From the top of the records below down to the line containing "Vehicle Image 22", reproduce every line exactly.
(Beginning of Task data)
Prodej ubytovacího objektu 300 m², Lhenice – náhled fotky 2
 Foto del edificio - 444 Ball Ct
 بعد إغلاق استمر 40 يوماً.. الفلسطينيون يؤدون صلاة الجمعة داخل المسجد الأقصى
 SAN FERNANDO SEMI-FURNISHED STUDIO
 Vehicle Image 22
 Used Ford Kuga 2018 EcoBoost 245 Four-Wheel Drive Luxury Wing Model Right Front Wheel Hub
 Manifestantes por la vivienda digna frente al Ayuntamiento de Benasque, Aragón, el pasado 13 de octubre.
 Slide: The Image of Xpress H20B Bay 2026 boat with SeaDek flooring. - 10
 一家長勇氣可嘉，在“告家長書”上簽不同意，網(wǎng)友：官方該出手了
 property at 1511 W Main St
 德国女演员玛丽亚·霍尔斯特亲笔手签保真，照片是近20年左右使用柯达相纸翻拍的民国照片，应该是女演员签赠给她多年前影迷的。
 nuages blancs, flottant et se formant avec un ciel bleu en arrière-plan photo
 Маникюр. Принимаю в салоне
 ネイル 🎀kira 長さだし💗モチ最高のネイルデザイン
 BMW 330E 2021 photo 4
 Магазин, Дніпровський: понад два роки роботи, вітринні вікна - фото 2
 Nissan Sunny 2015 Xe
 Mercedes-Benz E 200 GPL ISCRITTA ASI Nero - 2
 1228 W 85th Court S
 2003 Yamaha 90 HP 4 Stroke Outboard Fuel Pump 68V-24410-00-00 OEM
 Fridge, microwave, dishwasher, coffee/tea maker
(End of Task data)
The completed task:
Prodej ubytovacího objektu 300 m², Lhenice – náhled fotky 2
 Foto del edificio - 444 Ball Ct
 بعد إغلاق استمر 40 يوماً.. الفلسطينيون يؤدون صلاة الجمعة داخل المسجد الأقصى
 SAN FERNANDO SEMI-FURNISHED STUDIO
 Vehicle Image 22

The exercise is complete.